Spécialiste des systèmes de suspension pour le bâtiment, Gripple Europe a touché au but : faire de l’ensemble de ses 70 salariés ses actionnaires. Mi-mai, les derniers collaborateurs qui n’avaient pas franchi le pas ont souscrit leurs parts sociales. Celles-ci sont investies dans la société mère britannique qui détient les filiales dans différents pays européens, la plus importante étant la française (40 salariés), qui pilote l’activité Europe depuis Obernai (Bas-Rhin).
Si le capital était ouvert aux salariés depuis l’origine de Gripple Europe en 1999, seul un sur sept avait souscrit jusqu’en 2011. C’est à ce moment-là que le projet a décollé, sous l’impulsion de l’atypique fondateur de Gripple, Hugh Facey. Rétif à l’achat par un repreneur extérieur, à l’introduction en bourse (exclue par les statuts de la société) comme à la transmission à ses enfants, le dirigeant britannique, devenu sexagénaire, ainsi que son bras droit ont décidé de transmettre toutes leurs actions aux quelque 400 salariés du groupe. Les employés britanniques sont tenus d’y donner suite, selon une clause de leur contrat de travail.

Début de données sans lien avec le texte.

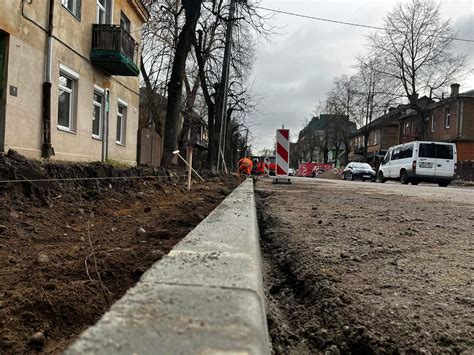 Gatvės remonto procesas ir ištrupėjusios plytelės Kaune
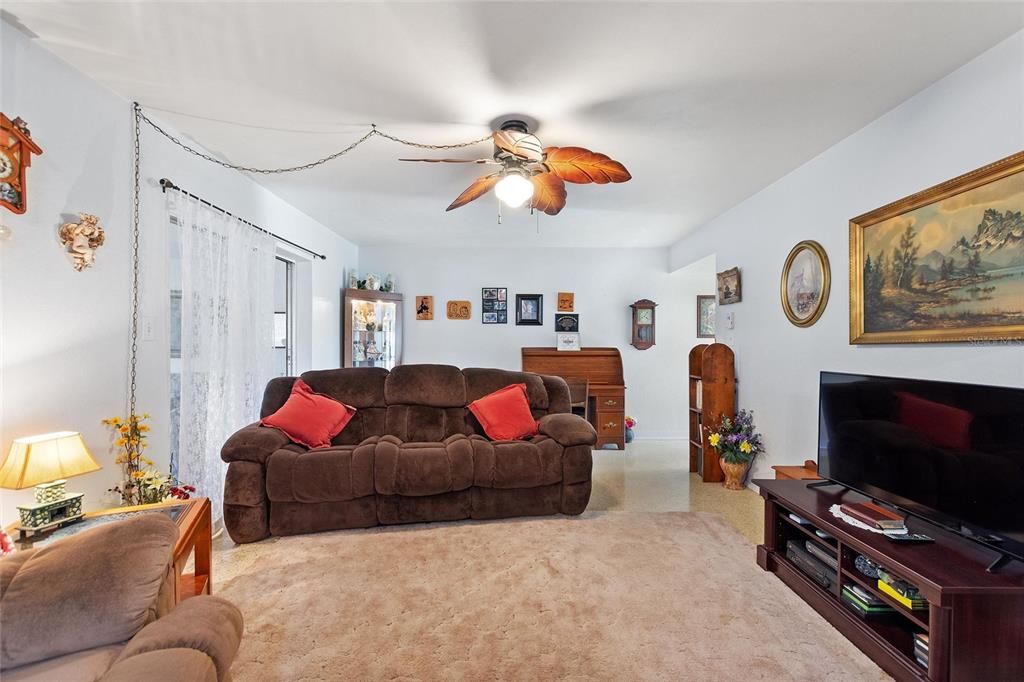 На продажу: $275,000 (2 спален, 2 ванн, 1749 Квадратных фут)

La législation française ne permettant pas une telle obligation, la direction du site d’Obernai a dû miser sur le volontariat. Plutôt qu’une grand-messe, elle a procédé par petites touches, « par le discours et les actions de tous les jours », souligne Denis Anthoni, directeur de Gripple Europe. Elle distille subtilement le message de l’appartenance à une même communauté de valeurs, en affichant une trentaine de mots clés aux murs des bureaux en open space, organise un repas commun toutes les deux semaines, propose de consacrer du temps (un jour par an, en général) à une action caritative comme la collecte à la Banque alimentaire, etc.

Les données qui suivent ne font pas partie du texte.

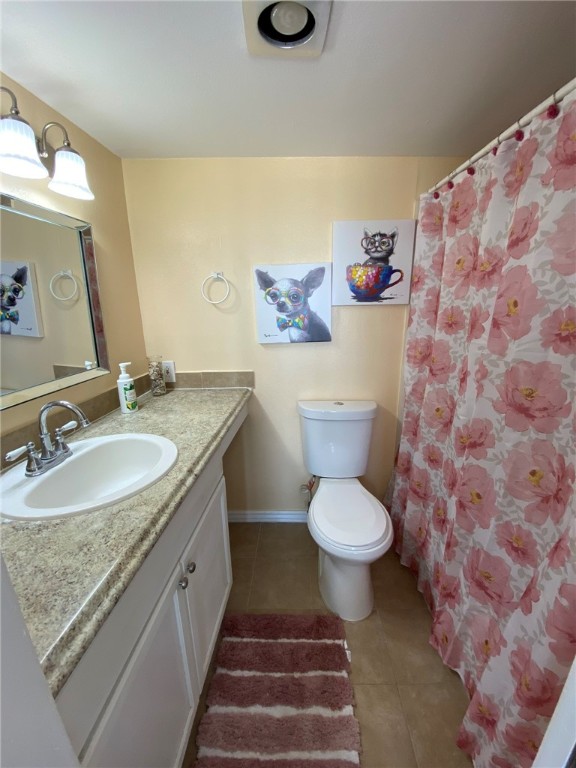 14401 Commodores Dr 109 Property Photo 13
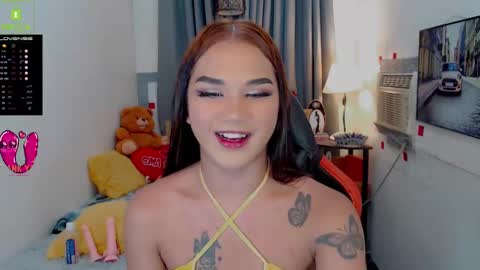 LILY online show from December 11, 9:45 pm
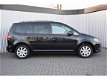 Volkswagen Touran - 1.6TDI Cup Edition 7 Pers/Navi/Clima/PDC - 1 - Thumbnail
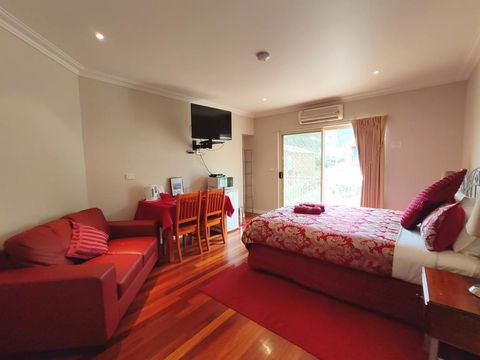 Angela's Beach Stays - Accommodation NSW 0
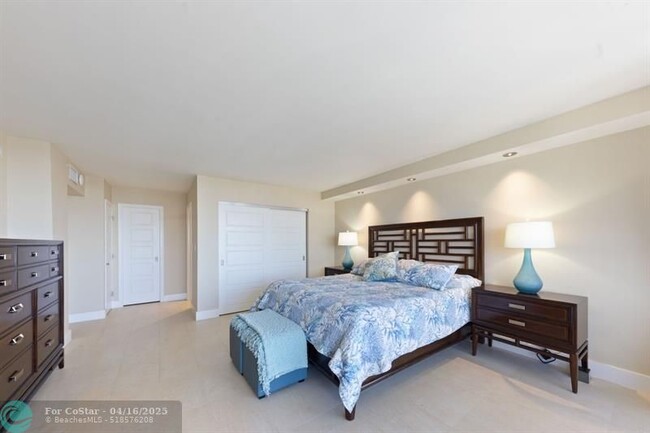 Building Photo - 4280 Galt Ocean Dr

« L’idée de devenir actionnaire a déclenché un premier moment de surprise pendant un mois, jusqu’à des réflexions de type : « il faut payer pour travailler ? », décrit Denis Anthoni. Souvent, ce sont les conjoints qu’il a fallu convaincre et j’en ai personnellement rencontré certains. Ensuite, l’adhésion a été massive. » Gripple Europe a fixé le montant minimal à 1 000 euros, et ses statuts interdisent à un actionnaire de détenir à lui seul plus de 5 % du capital. De fait, la mise oscille le plus souvent entre 1 000 et 2 000 euros.
Ce fut le cas en 2011 pour Michèle Coinchelin, employée commerciale entrée chez Gripple huit ans auparavant. « J’ai été convaincue par le discours du fondateur que j’ai senti sincère dans sa volonté de faire des salariés les propriétaires de la société. C’était à contre-courant de la vague de délocalisations », relate-t-elle. Guy Muckensturm, autre commercial, s’est vu proposer le deal à son entretien d’embauche, l’an dernier. « J’ai été surpris, agréablement. Je n’y ai pas vu le moyen d’améliorer ma rémunération, mais celui de pouvoir maîtriser un peu mieux mon destin. Entre deux propositions d’embauche, cette possibilité a contribué à me faire opter pour Gripple », expose-t-il.

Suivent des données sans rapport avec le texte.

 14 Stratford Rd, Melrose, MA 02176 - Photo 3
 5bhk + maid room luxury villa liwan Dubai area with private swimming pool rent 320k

Lorsqu’un collaborateur quitte l’entreprise, il doit obligatoirement revendre ses actions à un ou plusieurs collègues. Les salariés actionnaires élisent deux des leurs afin de gérer les dividendes et leur répartition. Dans la philosophie de Gripple, ils font en même temps office de représentants du personnel, en l’absence d’instance représentative – les effectifs de la filiale française sont inférieurs au seuil de 50 salariés permettant l’instauration d’un comité d’entreprise.
Dans cette entreprise, mieux vaut, en tout cas, compter sur les dividendes pour compléter sa rémunération : participation, intéressement et primes sont des termes inconnus du vocabulaire maison.